[FFmpeg-devel] [PATCH 2/2] avformat/movenc: parse h264 packets to build Sync Sample and Recovery Point tables

Thu Jul 29 13:23:27 EEST 2021

James Almer:
> On 7/28/2021 7:43 PM, Andreas Rheinhardt wrote:
>> James Almer:
>>> Since we can't blindly trust the keyframe flag in packets and assume its
>>> contents are a valid Sync Sample, do some basic bitstream parsing to
>>> build the
>>> Sync Sample table in addition to a Random Access Recovery Point table.
>>>
>>> Suggested-by: ffmpeg at fb.com
>>> Signed-off-by: James Almer <jamrial at gmail.com>
>>> ---
>>>   libavformat/movenc.c         | 125 +++++++++++++++++++++++++++++++++--
>>>   libavformat/movenc.h         |   1 +
>>>   tests/ref/lavf-fate/h264.mp4 |   6 +-
>>>   3 files changed, 123 insertions(+), 9 deletions(-)
>>>
>>> diff --git a/libavformat/movenc.c b/libavformat/movenc.c
>>> index 57062f45c5..159e0261b7 100644
>>> --- a/libavformat/movenc.c
>>> +++ b/libavformat/movenc.c
>>> @@ -34,13 +34,17 @@
>>>   #include "avc.h"
>>>   #include "libavcodec/ac3_parser_internal.h"
>>>   #include "libavcodec/dnxhddata.h"
>>> +#include "libavcodec/h264.h"
>>> +#include "libavcodec/h2645_parse.h"
>>>   #include "libavcodec/flac.h"
>>>   #include "libavcodec/get_bits.h"
>>> +#include "libavcodec/golomb.h"
>>>     #include "libavcodec/internal.h"
>>>   #include "libavcodec/put_bits.h"
>>>   #include "libavcodec/vc1_common.h"
>>>   #include "libavcodec/raw.h"
>>> +#include "libavcodec/sei.h"
>>>   #include "internal.h"
>>>   #include "libavutil/avstring.h"
>>>   #include "libavutil/channel_layout.h"

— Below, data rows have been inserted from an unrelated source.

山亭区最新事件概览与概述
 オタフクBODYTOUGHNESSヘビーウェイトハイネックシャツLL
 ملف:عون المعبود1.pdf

>>> @@ -2537,7 +2541,9 @@ static int
>>> mov_preroll_write_stbl_atoms(AVIOContext *pb, MOVTrack *track)
>>>       if (!sgpd_entries)
>>>           return AVERROR(ENOMEM);
>>>   -    av_assert0(track->par->codec_id == AV_CODEC_ID_OPUS ||
>>> track->par->codec_id == AV_CODEC_ID_AAC);
>>> +    av_assert0(track->par->codec_id == AV_CODEC_ID_OPUS ||
>>> +               track->par->codec_id == AV_CODEC_ID_AAC  ||
>>> +               track->par->codec_id == AV_CODEC_ID_H264);
>>>         if (track->par->codec_id == AV_CODEC_ID_OPUS) {
>>>           for (i = 0; i < track->entry; i++) {
>>> @@ -2545,7 +2551,7 @@ static int
>>> mov_preroll_write_stbl_atoms(AVIOContext *pb, MOVTrack *track)
>>>               int distance = 0;
>>>               for (j = i - 1; j >= 0; j--) {
>>>                   roll_samples_remaining -=
>>> get_cluster_duration(track, j);
>>> -                distance++;
>>> +                distance--;
>>>                   if (roll_samples_remaining <= 0)

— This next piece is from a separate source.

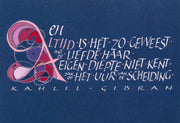 En altijd is het zo geweest... (Kahlil Gibran)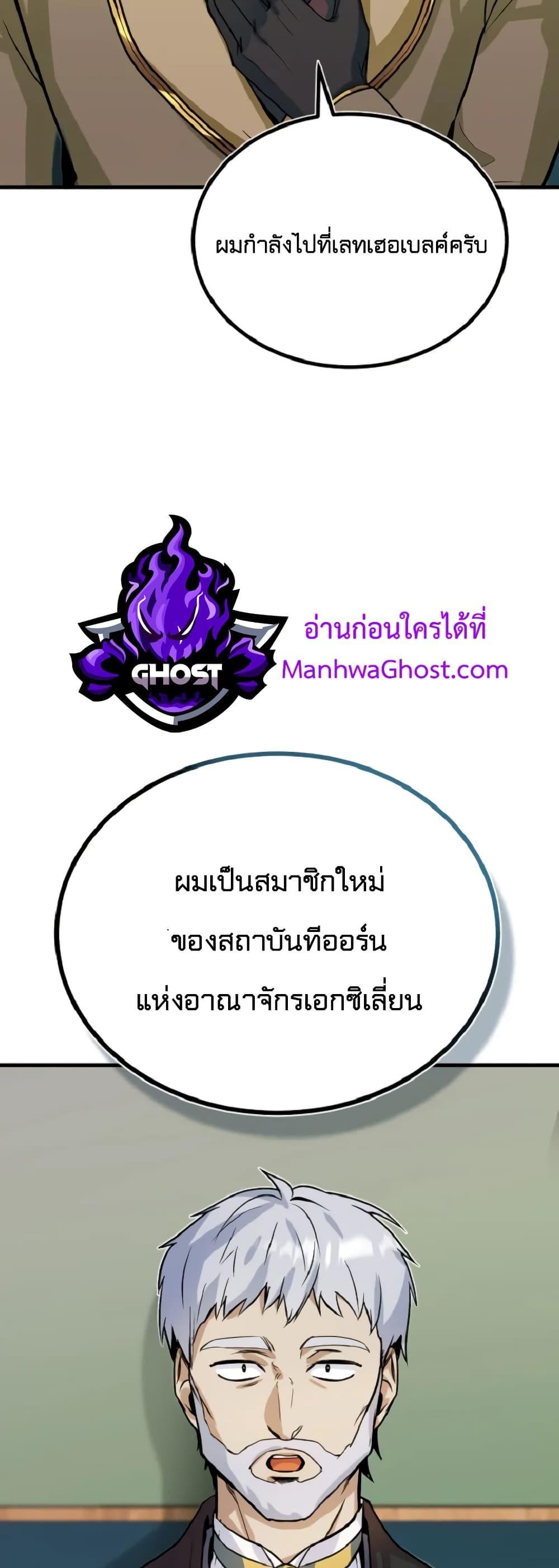 Academy ตอนที่ 1 40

>>>                       break;
>>>               }
>>> @@ -2555,7 +2561,7 @@ static int
>>> mov_preroll_write_stbl_atoms(AVIOContext *pb, MOVTrack *track)

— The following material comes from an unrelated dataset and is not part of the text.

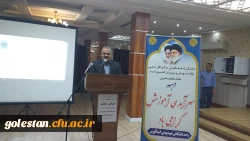 برگزاری مراسم دهه سرآمدی آموزش برای اساتید واحد دانشگاهی شهید بهشتی گنبد کاووس  7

>>>               if (roll_samples_remaining > 0)
>>>                   distance = 0;
>>>               /* Verify distance is a maximum of 32 (2.5ms) packets. */
>>> -            if (distance > 32)
>>> +            if (distance < 32)
>>>                   return AVERROR_INVALIDDATA;
>>>               if (i && distance ==
>>> sgpd_entries[entries].roll_distance) {
>>>                   sgpd_entries[entries].count++;
>>> @@ -2566,10 +2572,22 @@ static int
>>> mov_preroll_write_stbl_atoms(AVIOContext *pb, MOVTrack *track)
>>>                   sgpd_entries[entries].group_description_index =
>>> distance ? ++group : 0;
>>>               }
>>>           }
>>> +    } else if (track->par->codec_id == AV_CODEC_ID_H264) {
>>> +        for (i = 0; i < track->entry; i++) {
>>> +            int distance = track->cluster[i].roll_distance;
>>> +            if (i && distance == sgpd_entries[entries].roll_distance) {
>>> +                sgpd_entries[entries].count++;
>>> +            } else {
>>> +                entries++;
>>> +                sgpd_entries[entries].count = 1;
>>> +                sgpd_entries[entries].roll_distance = distance;
>>> +                sgpd_entries[entries].group_description_index =
>>> distance ? ++group : 0;
>>> +            }
>>> +        }
>>>       } else {
>>>           entries++;
>>>           sgpd_entries[entries].count = track->sample_count;
>>> -        sgpd_entries[entries].roll_distance = 1;
>>> +        sgpd_entries[entries].roll_distance = -1;
>>
>> You seem to be negate roll_distance in this patch; shouldn't this be a
>> separate patch?
> 
> I'll split it.
> 
>>
>>>           sgpd_entries[entries].group_description_index = ++group;
>>>       }
>>>       entries++;
>>> @@ -2588,7 +2606,7 @@ static int
>>> mov_preroll_write_stbl_atoms(AVIOContext *pb, MOVTrack *track)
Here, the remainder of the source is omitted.